C’était en septembre 2003. La princesse Stéphanie, confirmant sa réputation d’excentricité, épousait… un acrobate portugais. Pas un prince, un noble, voire un roturier enrichi. Non, un acrobate, un amuseur de foules, un vulgaire saltimbanque, un de ces bouffons qui devaient divertir les ancêtres de l’ex-chanteuse : pour la famille princière, le choc fut rude. Celle-ci était pourtant habituée aux choix atypiques de la donzelle : quelques années auparavant, c’est de son garde du corps que Stéphanie s’était amourachée. Un guerrier passe encore, mais un bouffon…
Pourtant question bouffonneries, on s’y connaît sur le Rocher. Quel spectacle plus pathétique que de voir le prince bobsleigheur s’agiter comme une jouvencelle toutes les semaines à Louis II ? Les caméras de canal ne manquent aucune des mimiques de l’héritier Grimaldi : joie, agacement, enthousiasme ou tristesse, tout y passe.
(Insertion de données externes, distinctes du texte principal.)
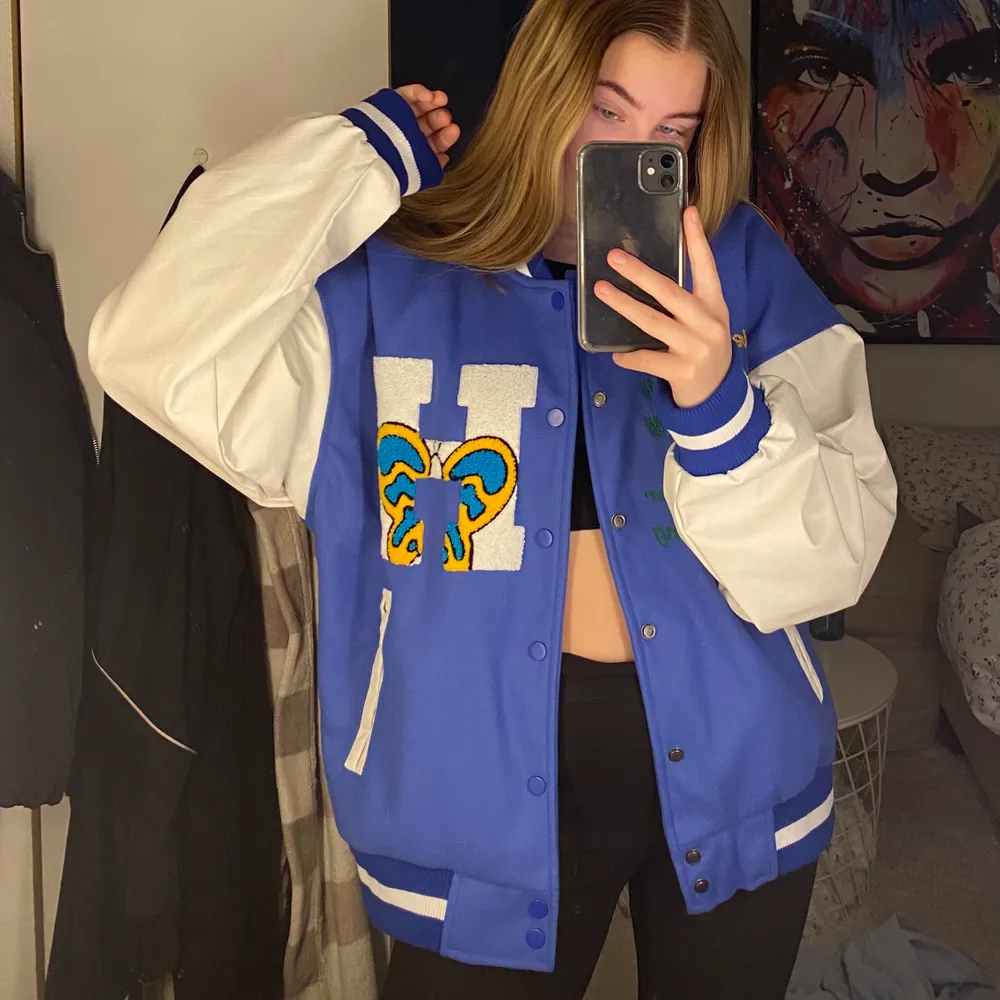 Svin cool helt ny varsity jacket med läderimitation på armarna. Fick den i julklapp och älskar den men säljer då den inte var helt min stil💕💕  jackan köptes för 800 så startar budgivningen på 400! BUDA I KOMMENTARERNA men skriv gärna till mig vid funderingar eller liknande🥰 (Jag är 160 och brukar vanligtvis ha S, så denna M sitter skitsnyggt oversized) Köparen står för frakt!. Jackor.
Il faut dire, ce n’est pas si fréquent un ultra en costar, de surcroît en tribune officielle… Il y aurait pourtant d’autres choses à filmer en terre monégasque. Pas en tribune, mais plutôt sur le terrain. Si Monaco a su conserver sa base défensive, il a su renouveler son attaque avec brio : Saviola, Kallon et Chevanton sont parmi les meilleurs attaquants de Ligue 1, et si la mayonnaise n’a pas encore bien pris, leur talent ne fait aucun doute. Et le spectacle est là – au moins par intermittence.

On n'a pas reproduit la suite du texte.